++++ Exercise materials

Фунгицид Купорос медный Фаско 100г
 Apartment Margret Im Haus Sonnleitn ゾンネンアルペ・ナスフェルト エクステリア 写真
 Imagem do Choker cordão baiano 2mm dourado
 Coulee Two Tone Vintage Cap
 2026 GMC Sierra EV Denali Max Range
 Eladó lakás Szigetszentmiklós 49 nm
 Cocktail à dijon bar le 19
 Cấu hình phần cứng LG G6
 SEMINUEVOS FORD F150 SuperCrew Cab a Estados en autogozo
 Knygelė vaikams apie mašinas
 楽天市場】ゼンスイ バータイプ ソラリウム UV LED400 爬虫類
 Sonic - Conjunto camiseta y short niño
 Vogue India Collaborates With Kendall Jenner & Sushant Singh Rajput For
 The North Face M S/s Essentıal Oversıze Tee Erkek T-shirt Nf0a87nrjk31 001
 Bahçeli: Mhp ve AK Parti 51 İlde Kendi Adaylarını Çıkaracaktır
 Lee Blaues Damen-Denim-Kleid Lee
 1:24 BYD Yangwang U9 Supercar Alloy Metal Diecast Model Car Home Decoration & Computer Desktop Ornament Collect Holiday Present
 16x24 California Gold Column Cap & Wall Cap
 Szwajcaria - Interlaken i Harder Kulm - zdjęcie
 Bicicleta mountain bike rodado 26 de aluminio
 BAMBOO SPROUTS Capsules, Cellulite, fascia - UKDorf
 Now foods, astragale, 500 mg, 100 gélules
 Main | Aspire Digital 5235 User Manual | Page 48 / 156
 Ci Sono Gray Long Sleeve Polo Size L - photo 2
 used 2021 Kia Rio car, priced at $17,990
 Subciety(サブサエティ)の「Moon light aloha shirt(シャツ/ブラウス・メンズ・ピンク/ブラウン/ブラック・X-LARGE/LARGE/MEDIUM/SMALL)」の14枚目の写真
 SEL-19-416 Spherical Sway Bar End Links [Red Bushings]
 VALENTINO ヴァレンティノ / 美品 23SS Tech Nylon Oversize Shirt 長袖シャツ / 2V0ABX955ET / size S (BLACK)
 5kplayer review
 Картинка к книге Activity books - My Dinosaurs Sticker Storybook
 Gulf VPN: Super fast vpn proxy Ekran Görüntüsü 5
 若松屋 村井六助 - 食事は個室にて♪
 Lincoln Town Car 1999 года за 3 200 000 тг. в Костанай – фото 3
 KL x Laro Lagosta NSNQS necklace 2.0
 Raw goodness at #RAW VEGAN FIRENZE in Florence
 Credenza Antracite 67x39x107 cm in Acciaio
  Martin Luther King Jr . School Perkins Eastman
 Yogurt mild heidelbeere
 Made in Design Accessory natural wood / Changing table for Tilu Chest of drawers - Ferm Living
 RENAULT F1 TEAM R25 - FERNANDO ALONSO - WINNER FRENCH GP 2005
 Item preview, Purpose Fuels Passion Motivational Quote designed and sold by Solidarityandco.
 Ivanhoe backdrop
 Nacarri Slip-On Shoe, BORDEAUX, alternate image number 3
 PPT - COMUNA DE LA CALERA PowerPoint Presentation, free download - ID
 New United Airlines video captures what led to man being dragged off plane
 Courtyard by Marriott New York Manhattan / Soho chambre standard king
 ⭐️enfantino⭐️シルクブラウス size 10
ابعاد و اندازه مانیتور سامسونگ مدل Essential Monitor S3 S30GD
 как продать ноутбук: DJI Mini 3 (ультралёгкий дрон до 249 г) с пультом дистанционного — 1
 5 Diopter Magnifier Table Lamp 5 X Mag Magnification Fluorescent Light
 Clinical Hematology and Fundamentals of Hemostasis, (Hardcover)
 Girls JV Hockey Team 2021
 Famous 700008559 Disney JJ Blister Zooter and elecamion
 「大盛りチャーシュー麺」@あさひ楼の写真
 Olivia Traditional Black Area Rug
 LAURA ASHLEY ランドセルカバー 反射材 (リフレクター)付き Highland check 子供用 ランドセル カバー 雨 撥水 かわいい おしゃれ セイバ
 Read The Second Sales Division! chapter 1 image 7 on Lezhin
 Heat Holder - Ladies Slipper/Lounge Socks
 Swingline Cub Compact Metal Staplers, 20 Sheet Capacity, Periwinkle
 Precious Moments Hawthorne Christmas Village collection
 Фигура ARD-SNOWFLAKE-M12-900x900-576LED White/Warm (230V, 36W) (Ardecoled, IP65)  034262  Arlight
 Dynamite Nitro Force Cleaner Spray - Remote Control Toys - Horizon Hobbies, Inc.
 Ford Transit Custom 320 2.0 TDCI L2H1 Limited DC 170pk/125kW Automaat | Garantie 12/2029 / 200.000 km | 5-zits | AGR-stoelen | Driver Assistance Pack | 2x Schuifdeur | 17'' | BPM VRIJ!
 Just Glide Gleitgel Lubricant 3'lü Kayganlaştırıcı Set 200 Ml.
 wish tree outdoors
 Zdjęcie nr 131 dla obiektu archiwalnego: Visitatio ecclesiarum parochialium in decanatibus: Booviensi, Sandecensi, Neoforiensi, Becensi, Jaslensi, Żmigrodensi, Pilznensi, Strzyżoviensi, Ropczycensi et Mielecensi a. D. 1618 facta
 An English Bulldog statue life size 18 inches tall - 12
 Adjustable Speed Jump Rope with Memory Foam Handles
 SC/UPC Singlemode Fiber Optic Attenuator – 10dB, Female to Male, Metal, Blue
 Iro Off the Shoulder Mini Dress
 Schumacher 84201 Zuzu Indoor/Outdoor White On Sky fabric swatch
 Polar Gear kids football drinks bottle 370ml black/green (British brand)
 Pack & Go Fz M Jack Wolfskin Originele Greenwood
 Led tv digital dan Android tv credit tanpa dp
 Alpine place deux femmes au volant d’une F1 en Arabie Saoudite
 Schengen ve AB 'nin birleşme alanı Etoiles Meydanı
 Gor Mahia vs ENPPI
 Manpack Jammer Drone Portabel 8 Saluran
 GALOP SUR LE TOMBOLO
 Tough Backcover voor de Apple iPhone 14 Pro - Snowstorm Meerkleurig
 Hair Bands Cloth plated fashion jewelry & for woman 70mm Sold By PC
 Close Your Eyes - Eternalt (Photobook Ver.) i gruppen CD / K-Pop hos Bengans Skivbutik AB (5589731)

++++++++

Output the full listing without altering anything.

Answer to the problem:
Фунгицид Купорос медный Фаско 100г
 Apartment Margret Im Haus Sonnleitn ゾンネンアルペ・ナスフェルト エクステリア 写真
 Imagem do Choker cordão baiano 2mm dourado
 Coulee Two Tone Vintage Cap
 2026 GMC Sierra EV Denali Max Range
 Eladó lakás Szigetszentmiklós 49 nm
 Cocktail à dijon bar le 19
 Cấu hình phần cứng LG G6
 SEMINUEVOS FORD F150 SuperCrew Cab a Estados en autogozo
 Knygelė vaikams apie mašinas
 楽天市場】ゼンスイ バータイプ ソラリウム UV LED400 爬虫類
 Sonic - Conjunto camiseta y short niño
 Vogue India Collaborates With Kendall Jenner & Sushant Singh Rajput For
 The North Face M S/s Essentıal Oversıze Tee Erkek T-shirt Nf0a87nrjk31 001
 Bahçeli: Mhp ve AK Parti 51 İlde Kendi Adaylarını Çıkaracaktır
 Lee Blaues Damen-Denim-Kleid Lee
 1:24 BYD Yangwang U9 Supercar Alloy Metal Diecast Model Car Home Decoration & Computer Desktop Ornament Collect Holiday Present
 16x24 California Gold Column Cap & Wall Cap
 Szwajcaria - Interlaken i Harder Kulm - zdjęcie
 Bicicleta mountain bike rodado 26 de aluminio
 BAMBOO SPROUTS Capsules, Cellulite, fascia - UKDorf
 Now foods, astragale, 500 mg, 100 gélules
 Main | Aspire Digital 5235 User Manual | Page 48 / 156
 Ci Sono Gray Long Sleeve Polo Size L - photo 2
 used 2021 Kia Rio car, priced at $17,990
 Subciety(サブサエティ)の「Moon light aloha shirt(シャツ/ブラウス・メンズ・ピンク/ブラウン/ブラック・X-LARGE/LARGE/MEDIUM/SMALL)」の14枚目の写真
 SEL-19-416 Spherical Sway Bar End Links [Red Bushings]
 VALENTINO ヴァレンティノ / 美品 23SS Tech Nylon Oversize Shirt 長袖シャツ / 2V0ABX955ET / size S (BLACK)
 5kplayer review
 Картинка к книге Activity books - My Dinosaurs Sticker Storybook
 Gulf VPN: Super fast vpn proxy Ekran Görüntüsü 5
 若松屋 村井六助 - 食事は個室にて♪
 Lincoln Town Car 1999 года за 3 200 000 тг. в Костанай – фото 3
 KL x Laro Lagosta NSNQS necklace 2.0
 Raw goodness at #RAW VEGAN FIRENZE in Florence
 Credenza Antracite 67x39x107 cm in Acciaio
  Martin Luther King Jr . School Perkins Eastman
 Yogurt mild heidelbeere
 Made in Design Accessory natural wood / Changing table for Tilu Chest of drawers - Ferm Living
 RENAULT F1 TEAM R25 - FERNANDO ALONSO - WINNER FRENCH GP 2005
 Item preview, Purpose Fuels Passion Motivational Quote designed and sold by Solidarityandco.
 Ivanhoe backdrop
 Nacarri Slip-On Shoe, BORDEAUX, alternate image number 3
 PPT - COMUNA DE LA CALERA PowerPoint Presentation, free download - ID
 New United Airlines video captures what led to man being dragged off plane
 Courtyard by Marriott New York Manhattan / Soho chambre standard king
 ⭐️enfantino⭐️シルクブラウス size 10
ابعاد و اندازه مانیتور سامسونگ مدل Essential Monitor S3 S30GD
 как продать ноутбук: DJI Mini 3 (ультралёгкий дрон до 249 г) с пультом дистанционного — 1
 5 Diopter Magnifier Table Lamp 5 X Mag Magnification Fluorescent Light
 Clinical Hematology and Fundamentals of Hemostasis, (Hardcover)
 Girls JV Hockey Team 2021
 Famous 700008559 Disney JJ Blister Zooter and elecamion
 「大盛りチャーシュー麺」@あさひ楼の写真
 Olivia Traditional Black Area Rug
 LAURA ASHLEY ランドセルカバー 反射材 (リフレクター)付き Highland check 子供用 ランドセル カバー 雨 撥水 かわいい おしゃれ セイバ
 Read The Second Sales Division! chapter 1 image 7 on Lezhin
 Heat Holder - Ladies Slipper/Lounge Socks
 Swingline Cub Compact Metal Staplers, 20 Sheet Capacity, Periwinkle
 Precious Moments Hawthorne Christmas Village collection
 Фигура ARD-SNOWFLAKE-M12-900x900-576LED White/Warm (230V, 36W) (Ardecoled, IP65)  034262  Arlight
 Dynamite Nitro Force Cleaner Spray - Remote Control Toys - Horizon Hobbies, Inc.
 Ford Transit Custom 320 2.0 TDCI L2H1 Limited DC 170pk/125kW Automaat | Garantie 12/2029 / 200.000 km | 5-zits | AGR-stoelen | Driver Assistance Pack | 2x Schuifdeur | 17'' | BPM VRIJ!
 Just Glide Gleitgel Lubricant 3'lü Kayganlaştırıcı Set 200 Ml.
 wish tree outdoors
 Zdjęcie nr 131 dla obiektu archiwalnego: Visitatio ecclesiarum parochialium in decanatibus: Booviensi, Sandecensi, Neoforiensi, Becensi, Jaslensi, Żmigrodensi, Pilznensi, Strzyżoviensi, Ropczycensi et Mielecensi a. D. 1618 facta
 An English Bulldog statue life size 18 inches tall - 12
 Adjustable Speed Jump Rope with Memory Foam Handles
 SC/UPC Singlemode Fiber Optic Attenuator – 10dB, Female to Male, Metal, Blue
 Iro Off the Shoulder Mini Dress
 Schumacher 84201 Zuzu Indoor/Outdoor White On Sky fabric swatch
 Polar Gear kids football drinks bottle 370ml black/green (British brand)
 Pack & Go Fz M Jack Wolfskin Originele Greenwood
 Led tv digital dan Android tv credit tanpa dp
 Alpine place deux femmes au volant d’une F1 en Arabie Saoudite
 Schengen ve AB 'nin birleşme alanı Etoiles Meydanı
 Gor Mahia vs ENPPI
 Manpack Jammer Drone Portabel 8 Saluran
 GALOP SUR LE TOMBOLO
 Tough Backcover voor de Apple iPhone 14 Pro - Snowstorm Meerkleurig
 Hair Bands Cloth plated fashion jewelry & for woman 70mm Sold By PC
 Close Your Eyes - Eternalt (Photobook Ver.) i gruppen CD / K-Pop hos Bengans Skivbutik AB (5589731)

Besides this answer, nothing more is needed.